Selon l'enquête menée durant un an par l'Olaf, l'office européen de lutte antifraude, les refoulements de migrants sont bien pratiqués massivement par les autorités grecques à leurs frontières, en toute connaissance de cause de Frontex, l'agence européenne de garde-côtes et garde-frontières. Plusieurs médias, dont Le Monde en France et Der Spiegel en Allemagne, le révèlent jeudi, ayant pu consulter le rapport bouclé par l'Olaf en février dernier, et qui a mené à la démission du patron de Frontex Fabrice Leggeri peu de temps après (en avril).
Depuis des années, des témoignages émergent régulièrement dans les médias européens, accusant la Grèce de pratiquer des "pushbacks", ce qui est illégal, et Frontex de volontairement détourner le regard voire d'y participer.
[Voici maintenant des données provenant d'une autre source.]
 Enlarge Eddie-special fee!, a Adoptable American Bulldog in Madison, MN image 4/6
Le directeur de Frontex, Fabrice Leggeri, rejetait systématiquement ces accusations. Un groupe de travail du Parlement européen avait déjà rendu des conclusions sévères au sujet de l'agence l'été dernier. Comme le résumait l'eurodéputée néerlandaise Tineke Strik, les élus qui se sont intéressés à son fonctionnement ont conclu que "l'agence a ignoré un tas de rapports internes et externes sur les pushbacks" et qu'elle a "retardé sciemment l'engagement de quarante experts pour contrôler le respect des droits de l'homme".
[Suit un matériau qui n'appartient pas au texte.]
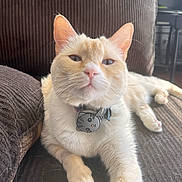 Cozette is registered to the contest to win money with this photo: cat, cream_cat, white_cat, collar, cat_tag, couch, furniture, pet, indoor, relaxed, fluffy, whiskers, ears, paw, fur, close_up, lying_down, domestic_cat, cute, face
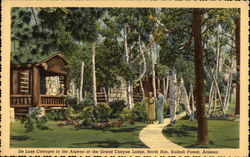 DeLuxe Cottages in the Aspens at the Grand Canyon Lodge Postcard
Le rapport de l'Olaf, confidentiel, va dans le même sens, selon les médias qui l'évoquent jeudi. "Dans leur rapport de 129 pages", les enquêteurs de l'Olaf "confirment" les récits médiatiques de pushbacks de ces dernières années, et "révèlent que les faits étaient largement connus, et même dénoncés au sein de Frontex", peut-on lire dans Le Monde.
Face aux signalements en interne, la direction de l'agence a cependant eu systématiquement comme réaction de tenter d'éviter que l'information se propage. Un avion de Frontex a ainsi filmé en août 2020 un navire grec en train de repousser vers la Turquie un canot rempli de migrants. Un agent a établi un rapport d'incident, mais il y a eu interdiction formelle d'enquêter en interne sur les pushbacks, selon un agent interrogé par l'Olaf, et l'avion a été envoyé dans une autre zone, non-problématique.
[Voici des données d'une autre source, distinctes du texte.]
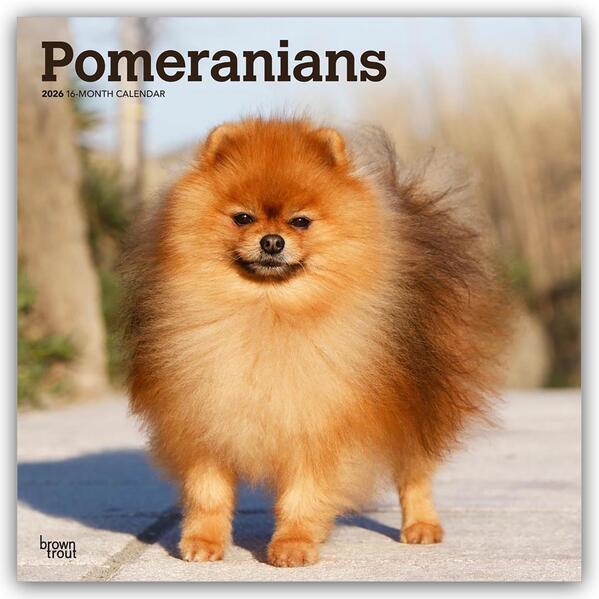 Browntrout Verlags GmbH Pomeranians - Spitz 2026 - 16-Monatskalender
Le rapport fait aussi état de menaces des autorités grecques envers les agents de Frontex témoins de pratiques problématiques sur le terrain, écrit Le Monde. Et il conclut que plusieurs bateaux grecs impliqués dans des refoulements en 2020 étaient cofinancés par Frontex. A la suite de la démission de Fabrice Leggeri, c'est la Lettonne Aija Kalnaja qui assure l'intérim à la direction de l'agence.
Le service de presse de la Commission européenne, interrogé jeudi midi, a assuré que la commissaire Ylva Johansson avait évoqué la problématique des refoulements avec les autorités grecques fin juin, et affirmé que l'exécutif européen est "en contact constant" avec Athènes pour s'assurer d'un suivi.